Domingo no Azul
Deve ser traduzido
perfeitamente do italiano e passar numa tela seqüencialmente, enquanto é
cantada baixinho naquela língua, porque só ficará bem nela. Mas um cantor
cantará a versão em português, enquanto noutro telão passam imagens da Terra
vista de fora – sendo toda azul com nuvens.

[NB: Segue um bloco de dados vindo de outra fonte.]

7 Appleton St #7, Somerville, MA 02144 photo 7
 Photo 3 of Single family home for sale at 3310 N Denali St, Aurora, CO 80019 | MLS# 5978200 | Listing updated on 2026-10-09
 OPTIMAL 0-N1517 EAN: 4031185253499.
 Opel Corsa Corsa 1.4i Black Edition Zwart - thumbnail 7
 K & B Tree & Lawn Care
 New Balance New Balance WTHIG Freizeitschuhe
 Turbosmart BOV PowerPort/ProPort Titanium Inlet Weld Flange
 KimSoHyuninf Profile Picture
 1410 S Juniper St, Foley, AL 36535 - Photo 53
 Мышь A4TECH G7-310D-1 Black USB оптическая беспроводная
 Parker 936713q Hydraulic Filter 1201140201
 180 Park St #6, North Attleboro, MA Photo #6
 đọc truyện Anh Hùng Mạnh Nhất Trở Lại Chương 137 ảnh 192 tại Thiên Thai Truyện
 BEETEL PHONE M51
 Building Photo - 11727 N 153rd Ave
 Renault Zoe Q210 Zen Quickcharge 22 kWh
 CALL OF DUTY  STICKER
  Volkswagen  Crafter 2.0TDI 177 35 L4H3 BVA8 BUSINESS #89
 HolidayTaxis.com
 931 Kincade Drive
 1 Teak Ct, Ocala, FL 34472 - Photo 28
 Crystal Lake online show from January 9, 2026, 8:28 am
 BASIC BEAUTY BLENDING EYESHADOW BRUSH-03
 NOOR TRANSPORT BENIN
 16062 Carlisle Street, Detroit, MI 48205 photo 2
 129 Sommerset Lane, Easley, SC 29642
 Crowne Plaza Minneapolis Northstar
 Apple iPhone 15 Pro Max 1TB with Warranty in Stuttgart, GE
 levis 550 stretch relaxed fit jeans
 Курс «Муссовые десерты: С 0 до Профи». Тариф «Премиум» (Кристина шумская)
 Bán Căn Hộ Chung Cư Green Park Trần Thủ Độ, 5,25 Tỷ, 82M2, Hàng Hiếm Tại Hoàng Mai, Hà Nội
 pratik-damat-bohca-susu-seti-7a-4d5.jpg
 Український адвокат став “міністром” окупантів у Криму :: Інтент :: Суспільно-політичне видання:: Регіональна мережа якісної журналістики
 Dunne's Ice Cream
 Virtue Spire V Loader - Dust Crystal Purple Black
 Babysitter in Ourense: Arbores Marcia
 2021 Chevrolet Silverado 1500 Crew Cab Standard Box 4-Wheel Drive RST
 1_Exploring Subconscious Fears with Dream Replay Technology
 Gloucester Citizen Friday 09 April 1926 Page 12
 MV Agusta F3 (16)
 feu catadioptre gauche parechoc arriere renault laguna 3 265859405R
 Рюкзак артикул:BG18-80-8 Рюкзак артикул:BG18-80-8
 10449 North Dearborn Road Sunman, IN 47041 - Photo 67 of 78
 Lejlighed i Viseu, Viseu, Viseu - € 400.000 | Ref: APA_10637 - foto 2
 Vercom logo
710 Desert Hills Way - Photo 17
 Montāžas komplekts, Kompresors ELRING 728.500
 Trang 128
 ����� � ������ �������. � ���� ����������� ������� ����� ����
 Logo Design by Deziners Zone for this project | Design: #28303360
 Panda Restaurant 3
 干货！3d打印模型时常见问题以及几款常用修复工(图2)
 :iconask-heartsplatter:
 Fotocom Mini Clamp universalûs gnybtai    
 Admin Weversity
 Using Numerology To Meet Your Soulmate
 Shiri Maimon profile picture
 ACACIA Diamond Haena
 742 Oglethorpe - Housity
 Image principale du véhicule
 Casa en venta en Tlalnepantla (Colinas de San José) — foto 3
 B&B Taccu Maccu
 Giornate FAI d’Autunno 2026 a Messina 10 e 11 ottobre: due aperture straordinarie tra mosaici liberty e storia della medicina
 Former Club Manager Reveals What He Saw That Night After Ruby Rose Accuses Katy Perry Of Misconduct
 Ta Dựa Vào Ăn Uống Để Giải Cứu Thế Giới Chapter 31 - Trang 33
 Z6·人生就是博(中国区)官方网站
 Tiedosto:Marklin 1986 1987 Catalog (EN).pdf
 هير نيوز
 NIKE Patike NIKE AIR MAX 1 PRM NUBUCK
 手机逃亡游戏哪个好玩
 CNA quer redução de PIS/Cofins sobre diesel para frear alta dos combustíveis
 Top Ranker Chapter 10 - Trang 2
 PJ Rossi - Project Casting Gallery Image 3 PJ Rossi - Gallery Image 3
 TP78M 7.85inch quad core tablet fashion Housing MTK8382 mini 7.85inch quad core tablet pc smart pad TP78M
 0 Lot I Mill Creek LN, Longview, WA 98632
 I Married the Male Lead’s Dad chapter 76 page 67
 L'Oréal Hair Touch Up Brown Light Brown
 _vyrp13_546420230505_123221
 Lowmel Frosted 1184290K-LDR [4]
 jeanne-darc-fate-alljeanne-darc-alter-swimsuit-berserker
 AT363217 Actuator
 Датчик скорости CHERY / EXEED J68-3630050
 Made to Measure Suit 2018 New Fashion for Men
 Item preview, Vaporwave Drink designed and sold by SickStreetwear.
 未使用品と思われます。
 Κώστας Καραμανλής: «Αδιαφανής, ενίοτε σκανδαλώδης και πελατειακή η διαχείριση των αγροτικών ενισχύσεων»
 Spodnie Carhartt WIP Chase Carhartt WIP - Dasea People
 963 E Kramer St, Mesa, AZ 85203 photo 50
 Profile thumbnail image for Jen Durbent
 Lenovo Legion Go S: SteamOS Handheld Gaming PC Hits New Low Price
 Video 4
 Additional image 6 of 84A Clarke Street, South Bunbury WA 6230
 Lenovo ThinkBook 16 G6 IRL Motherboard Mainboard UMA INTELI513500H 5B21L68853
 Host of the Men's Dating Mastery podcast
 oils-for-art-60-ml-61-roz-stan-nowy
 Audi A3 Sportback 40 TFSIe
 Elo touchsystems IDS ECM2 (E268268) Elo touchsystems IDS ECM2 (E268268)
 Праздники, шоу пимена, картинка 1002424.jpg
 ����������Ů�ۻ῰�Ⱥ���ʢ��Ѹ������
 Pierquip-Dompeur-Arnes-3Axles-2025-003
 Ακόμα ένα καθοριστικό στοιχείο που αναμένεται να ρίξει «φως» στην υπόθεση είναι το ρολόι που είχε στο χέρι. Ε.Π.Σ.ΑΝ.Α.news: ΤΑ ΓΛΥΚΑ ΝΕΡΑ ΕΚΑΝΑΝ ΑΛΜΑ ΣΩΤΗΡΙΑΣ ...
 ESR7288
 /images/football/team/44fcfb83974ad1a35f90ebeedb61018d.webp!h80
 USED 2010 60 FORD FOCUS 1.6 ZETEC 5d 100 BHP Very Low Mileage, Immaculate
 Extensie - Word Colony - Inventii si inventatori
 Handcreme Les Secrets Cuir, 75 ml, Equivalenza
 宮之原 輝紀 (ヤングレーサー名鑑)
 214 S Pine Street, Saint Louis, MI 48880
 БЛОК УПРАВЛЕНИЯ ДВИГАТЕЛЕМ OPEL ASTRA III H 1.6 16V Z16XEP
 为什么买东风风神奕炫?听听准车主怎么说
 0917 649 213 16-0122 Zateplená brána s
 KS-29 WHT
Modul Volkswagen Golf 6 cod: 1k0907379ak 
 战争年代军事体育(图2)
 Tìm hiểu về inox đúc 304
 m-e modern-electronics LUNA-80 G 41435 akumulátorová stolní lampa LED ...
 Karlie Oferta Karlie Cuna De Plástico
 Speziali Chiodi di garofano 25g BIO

O astronauta que o intérprete
representa deve pintar mesmo com as mãos o rosto de azul, como faziam depois os
caras-pintadas no impedimento de Collor em 1992, acho – a música é de 1958. O
título acima se refere a Domenico Modugno, em português Domingo, referindo-se
ao dia de descanso de Deus (na realidade no judaísmo o sábado, sétimo dia, que
os cristãos mudaram para domingo). Numa estação espacial o astronauta coloca a
música e começa a olhar para baixo; a música repete, enquanto ele sonha com
todos os azuis. Então olha em volta, é só escuridão e desolação, não há nenhum
planeta azul vivo como a Terra, todos têm cores mortais; vê nos telescópios os
retratos da morte.
“Voar, ó, ó, cantar
(...) no azul pintado de azul”, feliz de estar lasso, frouxo, bambo, tranqüilo,
em paz (que é o contrário do que se está passando em baixo, claro). “Voando,
voando feliz, eu me encontro mais alto” nos dois sentidos, alto de estar a
centenas de quilômetros acima do solo e de estar eufórico (então passam cenas
de guerras e misérias). “Um vento rápido me levou e me fez voar no céu
infinito” – as imensas possibilidades desperdiçadas, a destruição de florestas,
o lixo nos lixões a céu aberto, em cima dos lençóis freáticos que contamina,
todo esse gênero de coisa. E, enquanto vai rolando indefinidamente a música, os
contrastes vão sendo mostrados, entre o que poderia ter sido e o que é que de
fato, todos os gêneros de perversões humanas, duas telas, a do astronauta
libertado e feliz no azul pintado de azul e da realidade que perversamente
construímos.
Vitória,
sexta-feira, 26 de dezembro de 2003.